Another great example of a great undervalued player was the Houston Dynamo’s Alberth Elis. In both 2018 and 2019, Elis put up over 10 Predicted Goals Added on a salary of $650,000. DePo predicts that based on Elis’ performance alone, his xComp should have been over $825,000 in 2018, and over $1,000,000 in 2019. While most teams in MLS were paying close to $200,000 DPGA for players similar to Elis’ playstyle, Houston only had to pay ~$65,000 DPGA. 

Using this framework, we can also measure which teams spend most efficiently when it comes to finding undervalued players who outperform their salary expectations. 

In MLS over the past two years, the number one salary outperforming team has been the Houston Dynamo. This overperformance in salary has happened in part due to Elis’ consistent and stellar performances, but also in part to their data scientist, ASA’s own Sean Steffen, who helps identify other players similar to Elis to sign. Over the past two seasons, Houston had an average team salary of ~$300,000 but had an average expected salary of $430,000, saving them an average of $130,000 in salary costs per player and ~$5,000,000 in total expected compensation.

In terms of true performance of players, without taking into account the team’s budget or spend, LAFC spent only $125,000 DPGA while amassing a league-leading 88 Total Goals Added over the course of the season. LAFC also paid its players $127,000 dollars less on average than their xComp, saving the team a total of over $1,000,000 on salary costs throughout the year.
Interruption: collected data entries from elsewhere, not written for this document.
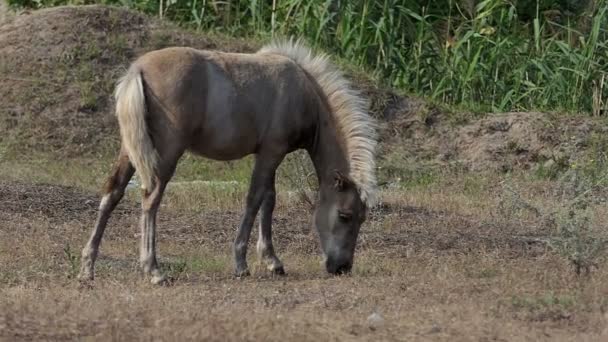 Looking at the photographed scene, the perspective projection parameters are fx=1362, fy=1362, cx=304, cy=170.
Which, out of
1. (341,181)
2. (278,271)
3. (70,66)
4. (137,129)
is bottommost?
(70,66)

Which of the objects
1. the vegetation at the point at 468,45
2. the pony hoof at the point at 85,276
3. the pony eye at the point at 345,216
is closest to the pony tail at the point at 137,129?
the pony hoof at the point at 85,276

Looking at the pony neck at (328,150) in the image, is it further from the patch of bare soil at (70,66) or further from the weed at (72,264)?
the patch of bare soil at (70,66)

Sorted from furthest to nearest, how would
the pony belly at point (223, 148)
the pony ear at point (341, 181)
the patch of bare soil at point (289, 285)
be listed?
the pony ear at point (341, 181), the pony belly at point (223, 148), the patch of bare soil at point (289, 285)

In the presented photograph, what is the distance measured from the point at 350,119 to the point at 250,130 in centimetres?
84

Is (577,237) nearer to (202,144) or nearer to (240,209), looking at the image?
(202,144)

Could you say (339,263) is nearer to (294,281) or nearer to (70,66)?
(294,281)

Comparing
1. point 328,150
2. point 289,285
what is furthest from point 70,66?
point 289,285

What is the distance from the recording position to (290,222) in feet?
42.3

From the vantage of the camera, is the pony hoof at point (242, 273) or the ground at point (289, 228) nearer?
the ground at point (289, 228)

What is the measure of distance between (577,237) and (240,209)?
457 centimetres

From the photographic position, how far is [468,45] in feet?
61.1

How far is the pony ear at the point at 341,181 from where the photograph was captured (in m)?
10.5

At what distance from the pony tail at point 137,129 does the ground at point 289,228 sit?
2.70ft

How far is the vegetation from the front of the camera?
18.3 meters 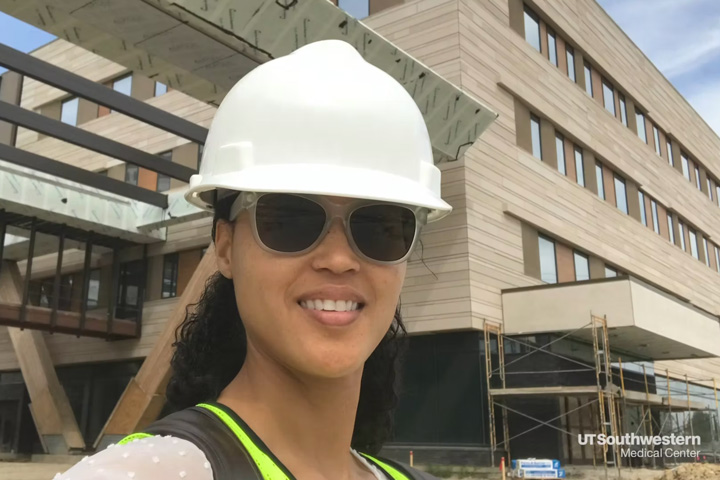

Identifying Undervalued Players in Europe - The DePo Salary and Transfer Fee Models

These themes stay consistent in Europe, and Alphonso Davies can be used again as an example. His contract value for the 2019-2020 season with Bayern Munich was €588,000. Throughout the season, he amassed a whopping 7.4 estimated Goals Added in the Bundesliga. Based on his on-field performance during that campaign, DePo predicts that he should have been compensated €1,400,000—€800,000 more than his contract was worth. Bayern Munich also underpaid the Vancouver Whitecaps for Alphonso’s services. Bayern purchased Alphonso Davies in 2018 for $22,000,000, though he currently has an xMarketValue of €68,000,000. This one good piece of business will see Bayern make at least a $50,000,000 return on investment if they decide to sell Alphonso Davies. 

Chelsea, who recently had a very active transfer window, did not misplace their funds either. After Timo Werner’s 2019-2020 campaign with RB Leipzig, Chelsea signed him for about €60,000,000. The DePo xMarketValue Model predicts that Werner should have gone to Chelsea for nearly €80,000,000 based on his Bundesliga performances in the season prior. This signals that Chelsea got a great deal for a player with a high future ceiling. 

Another signing which was good business for the receiving team came in Liverpool’s signing of Diego Jota from Wolves. It comes as no surprise to anyone in the analytics community that Will Spearman and the team of Liverpool’s data scientists consistently put into place good processes to identify talent, and this time it was no different. TransferMarkt listed Jota as being worth about €28,000,000 prior to the start of the 2020-2021 Premier League campaign. Liverpool paid €45,000,000 for the Wolves striker, with a youth prospect going to Wolves for €13,000,000. This saw Liverpool net spend €32,000,000 on Jota, which was still €5,000,000 less than his DePo xTransfer Value of €37,000,000.

A team-level analysis is also possible for Europe’s Top 5 Leagues. The “Moneyball team of Italy,” Atalanta, who reached the Champion’s League Quarter-Finals in 2019-2020, paid an average of nearly €1,000,000 less than expected for talent that put up similar Goals Added numbers to the world’s best. 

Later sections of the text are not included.